2. Utilizza come parametro solo le emissioni di CO2 e non quelle di polveri sottili e ossido di azoto (N2O) molto nocivi per la salute umana e prodotti in misura notevole dai motori diesel "salvati" dal provvedimento. Proprio ieri alla COP24 di Katowice l'OMS ha presentato un rapporto sui rapporti tra salute e cambiamenti climatici centrato sulla qualità dell'aria e sui gravi rischi dell'inquinamento da particolato e N2O.
3. Prevede incentivi per i veicoli elettrici, ma non interviene sul tema fondamentale della diffusione di impianti di ricarica rapida, necessaria per garantire ai veicoli elettrici la stessa affidabilità e funzionalità delle auto alimentate con idrocarburi. La legge spagnola recentemente approvata, ad esempio, prevede l'installazione di centri di ricarica in ogni stazione di rifornimento.
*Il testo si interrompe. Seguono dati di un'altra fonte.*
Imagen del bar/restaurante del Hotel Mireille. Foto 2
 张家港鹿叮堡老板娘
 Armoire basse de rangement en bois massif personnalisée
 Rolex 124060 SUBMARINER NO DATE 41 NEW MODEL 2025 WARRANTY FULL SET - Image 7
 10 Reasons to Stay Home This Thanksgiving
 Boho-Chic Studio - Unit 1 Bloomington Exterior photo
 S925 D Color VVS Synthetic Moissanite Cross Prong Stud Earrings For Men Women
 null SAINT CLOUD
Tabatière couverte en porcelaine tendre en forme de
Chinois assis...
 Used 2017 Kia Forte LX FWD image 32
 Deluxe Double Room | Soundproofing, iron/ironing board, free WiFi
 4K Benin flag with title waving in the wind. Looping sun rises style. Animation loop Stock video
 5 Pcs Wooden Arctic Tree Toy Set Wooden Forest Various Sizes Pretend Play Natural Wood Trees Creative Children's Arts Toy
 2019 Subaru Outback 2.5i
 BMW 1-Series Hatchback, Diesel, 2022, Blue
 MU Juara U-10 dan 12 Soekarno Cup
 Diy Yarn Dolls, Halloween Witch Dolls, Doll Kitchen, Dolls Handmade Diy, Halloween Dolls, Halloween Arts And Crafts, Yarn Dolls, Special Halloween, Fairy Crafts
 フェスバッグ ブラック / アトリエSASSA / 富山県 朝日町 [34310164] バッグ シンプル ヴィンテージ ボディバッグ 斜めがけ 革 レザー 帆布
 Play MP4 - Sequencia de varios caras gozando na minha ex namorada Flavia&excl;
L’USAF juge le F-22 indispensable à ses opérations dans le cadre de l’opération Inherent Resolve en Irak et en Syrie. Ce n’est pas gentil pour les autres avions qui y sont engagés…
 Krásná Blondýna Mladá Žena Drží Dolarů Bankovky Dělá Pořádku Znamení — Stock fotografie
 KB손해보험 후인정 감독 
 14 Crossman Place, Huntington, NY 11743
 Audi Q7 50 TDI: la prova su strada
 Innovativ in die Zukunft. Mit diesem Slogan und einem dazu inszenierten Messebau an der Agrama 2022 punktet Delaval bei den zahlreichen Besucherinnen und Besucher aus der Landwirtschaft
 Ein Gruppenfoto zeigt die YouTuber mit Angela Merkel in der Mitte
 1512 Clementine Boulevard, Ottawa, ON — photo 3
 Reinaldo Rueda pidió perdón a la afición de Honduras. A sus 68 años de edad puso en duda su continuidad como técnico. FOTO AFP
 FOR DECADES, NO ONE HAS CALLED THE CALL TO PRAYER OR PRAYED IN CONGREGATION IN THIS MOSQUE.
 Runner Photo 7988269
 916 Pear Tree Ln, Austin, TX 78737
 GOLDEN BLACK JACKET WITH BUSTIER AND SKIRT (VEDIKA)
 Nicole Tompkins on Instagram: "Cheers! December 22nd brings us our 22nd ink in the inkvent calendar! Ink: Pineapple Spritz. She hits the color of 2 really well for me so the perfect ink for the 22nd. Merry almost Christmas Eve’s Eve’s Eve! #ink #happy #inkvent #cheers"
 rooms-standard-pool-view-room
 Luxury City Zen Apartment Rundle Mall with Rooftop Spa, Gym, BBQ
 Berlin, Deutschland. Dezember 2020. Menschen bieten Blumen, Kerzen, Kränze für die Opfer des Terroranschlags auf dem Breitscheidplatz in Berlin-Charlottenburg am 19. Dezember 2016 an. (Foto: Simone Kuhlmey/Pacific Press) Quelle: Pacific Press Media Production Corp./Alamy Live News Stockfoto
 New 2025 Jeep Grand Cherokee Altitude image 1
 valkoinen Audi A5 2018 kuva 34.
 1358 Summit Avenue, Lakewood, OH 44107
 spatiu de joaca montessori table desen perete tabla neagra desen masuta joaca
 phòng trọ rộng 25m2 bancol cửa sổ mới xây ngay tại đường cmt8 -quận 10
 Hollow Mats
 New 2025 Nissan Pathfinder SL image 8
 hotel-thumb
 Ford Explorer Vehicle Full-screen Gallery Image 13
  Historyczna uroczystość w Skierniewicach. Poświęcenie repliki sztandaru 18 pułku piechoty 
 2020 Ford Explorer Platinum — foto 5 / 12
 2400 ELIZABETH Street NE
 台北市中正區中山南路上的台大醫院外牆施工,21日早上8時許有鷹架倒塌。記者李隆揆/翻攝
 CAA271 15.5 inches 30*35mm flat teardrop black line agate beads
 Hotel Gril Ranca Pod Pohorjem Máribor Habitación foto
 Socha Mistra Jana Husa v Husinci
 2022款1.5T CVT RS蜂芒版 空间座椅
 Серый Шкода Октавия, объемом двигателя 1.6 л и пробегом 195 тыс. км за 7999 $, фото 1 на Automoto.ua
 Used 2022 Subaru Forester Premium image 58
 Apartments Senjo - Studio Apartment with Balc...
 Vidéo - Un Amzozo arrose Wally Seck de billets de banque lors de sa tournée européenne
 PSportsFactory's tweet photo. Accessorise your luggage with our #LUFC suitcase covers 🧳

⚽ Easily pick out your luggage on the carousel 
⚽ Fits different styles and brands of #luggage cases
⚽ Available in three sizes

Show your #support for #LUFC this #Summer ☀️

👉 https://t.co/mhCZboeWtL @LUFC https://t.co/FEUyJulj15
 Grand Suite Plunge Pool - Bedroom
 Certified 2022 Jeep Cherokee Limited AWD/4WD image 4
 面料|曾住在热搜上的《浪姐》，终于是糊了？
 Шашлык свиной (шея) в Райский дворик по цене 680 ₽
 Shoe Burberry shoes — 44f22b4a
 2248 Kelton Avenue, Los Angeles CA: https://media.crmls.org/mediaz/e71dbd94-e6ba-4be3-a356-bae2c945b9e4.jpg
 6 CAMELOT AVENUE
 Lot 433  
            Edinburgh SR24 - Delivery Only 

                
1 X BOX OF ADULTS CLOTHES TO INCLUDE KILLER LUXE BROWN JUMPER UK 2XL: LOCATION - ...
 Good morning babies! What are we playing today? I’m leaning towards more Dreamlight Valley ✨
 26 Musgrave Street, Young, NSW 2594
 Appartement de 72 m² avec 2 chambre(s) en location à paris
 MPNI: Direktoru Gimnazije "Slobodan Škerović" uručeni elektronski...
4. Non pone quote minime per i mezzi elettrici, come previsto dalle norme europee, nè soglie temporali per la produzione e vendita di auto con motore a combustione. Francia, Gran Bretagna e Spagna hanno fissato al 2040 la "morte" delle auto con motore diesel o benzina (la Danimarca al 2030), imponendo all'industria una riconversione rapida verso le nuove tecnologie.